Прежде чем войти в кабинет фюрера, Гиммлер оглянулся и увидел, что, отойдя к двери приемной, гауптштурмфюрер тоже оглянулась и лишь тогда вскинула руку в молчаливом приветствии. Очевидно, из кабинета канцлера она вышла в таком состоянии, когда замечать кого-либо, пусть даже своего эсэсовского бога, ей уже было необязательно.
«Посмертная маска, – неожиданно сработало сравнение, которое пришло Гиммлеру на ум, когда он заметил лицо эсэсовки. – Да ведь это же та, из одного из лебенсборнов[30]…»
– Гауптштурмфюрер доктор Эльза Аленберн, – с призывной улыбкой уличной девки напомнила ему гауптштурмфюрер, не обращая внимания на присутствие в приемной личного секретаря, статуэтно застывших по обе стороны двери охранников и какого-то летного генерала.
– Вот-вот, доктор… – несколько растерянно признал ее рейхсфюрер. – Кажется, мы не завершили тот наш давнишний разговор. Хотя ваша идея показалась мне…
– Она не могла не показаться, поскольку эта идея способна захватить любого, кто думает сейчас о будущем СС, об основах Франконии, – мгновенно посуровело лицо коменданта лебенсборна.

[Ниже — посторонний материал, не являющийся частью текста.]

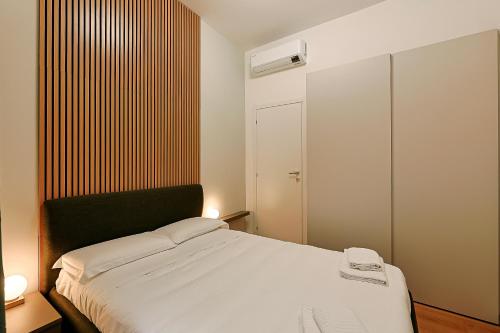 Ottaviano Design Apartment at the Vatican, Rome (photo 5)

Гиммлер осенил ее свинцовой мутностью своих очков и что-то растерянно промямлил. Вроде того, что да, естественно, Франкония… Но знала бы эта эсэсовка, как далек он был сейчас от эйфорической утопии «страны верных паладинов фюрера», и насколько весь послепутчевый, зависший на кровавых крючьях тюрьмы Плетцензее[31] (здесь, в объятиях председателя Народного трибунала Фрайслера[32] вырождалось множество древних германских родов, чуть ли не весь цвет генералитета) рейх напоминал ему теперь один огромный дьявольский «лебенсборн».
– Если позволите, я подожду вас, рейхсфюрер… – прекратила его мучения доктор Аленберн. – Мне кажется, у вас возникли ко мне вопросы.
– Как и у фюрера, – мрачно подстраховался Гиммлер. Ослепительная улыбка коменданта лебенсборна в приемной фюрера, в присутствии нескольких случайных свидетелей была ему явно ни к чему. – Я бы просил вас, гауптштурмфюрер, зайти ко мне через час.
Гитлер прохаживался по кабинету шаркающей походкой. Сейчас, со спины, когда не виден был военный покрой его френча, фюрер казался уставшим, беспомощным старцем, а сам френч вполне мог сойти за короткую пижаму.